→ **WHAT TO WORK ON**
Leave out all pictures. Extract exactly the lines from the one containing "11غرفة شقة في Genoa, Italy رقم 115626 38" through the end of the data.

→ **EXERCISE MATERIALS**
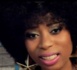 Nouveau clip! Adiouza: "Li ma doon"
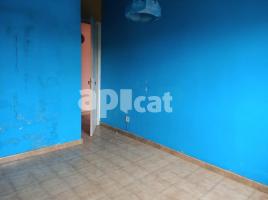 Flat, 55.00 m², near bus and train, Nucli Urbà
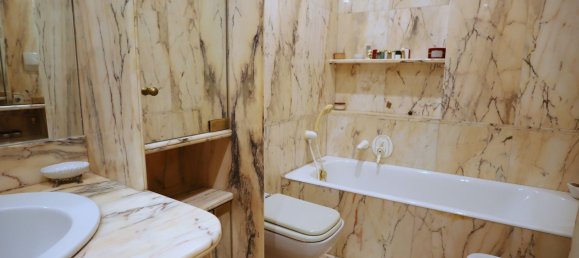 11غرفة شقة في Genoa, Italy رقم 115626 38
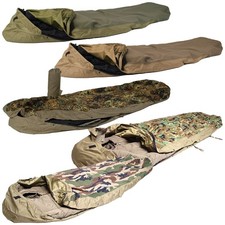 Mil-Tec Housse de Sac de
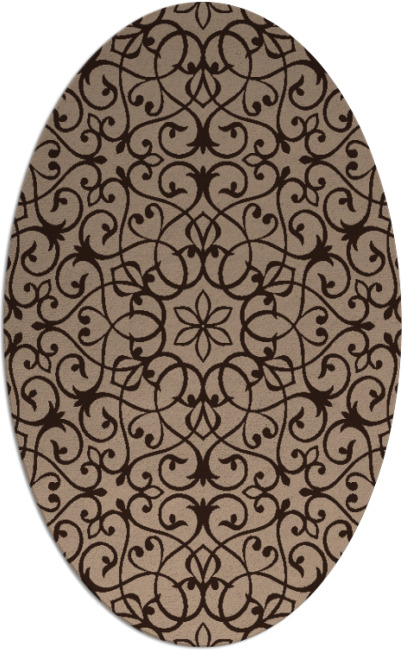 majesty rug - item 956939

→ **RESULT OF THE EXERCISE**
 11غرفة شقة في Genoa, Italy رقم 115626 38
 Mil-Tec Housse de Sac de
 majesty rug - item 956939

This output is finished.